* [Records for the exercise]:
== == ==

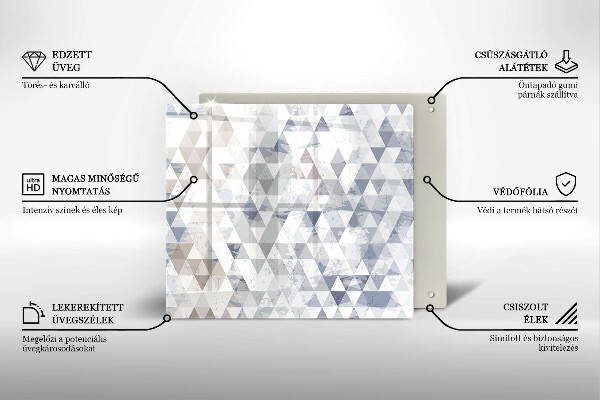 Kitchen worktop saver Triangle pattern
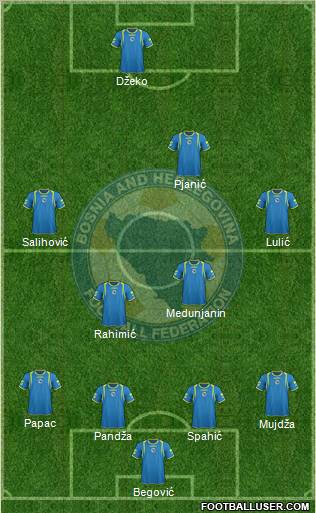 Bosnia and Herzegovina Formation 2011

== == ==

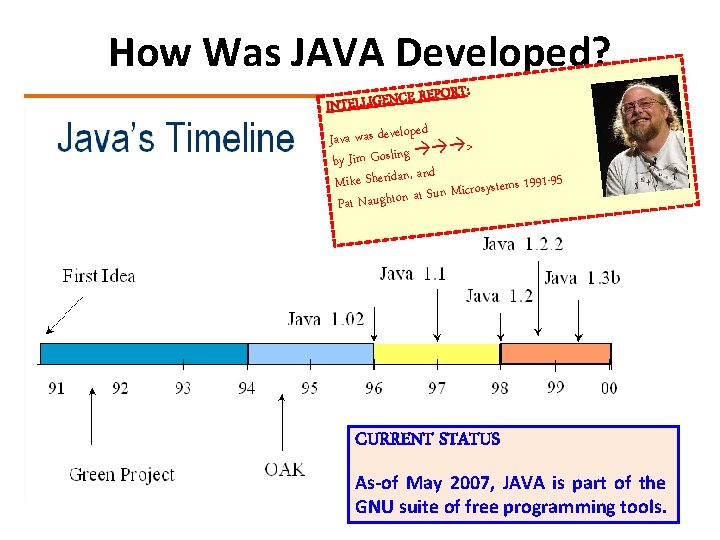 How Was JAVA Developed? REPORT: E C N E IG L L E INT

== == ==

Beginning with the line that contains "Kitchen worktop saver Triangle pattern" and ending with the line that contains "Bosnia and Herzegovina Formation 2011", reproduce the listing exactly, pictures excluded.

 Kitchen worktop saver Triangle pattern
 Bosnia and Herzegovina Formation 2011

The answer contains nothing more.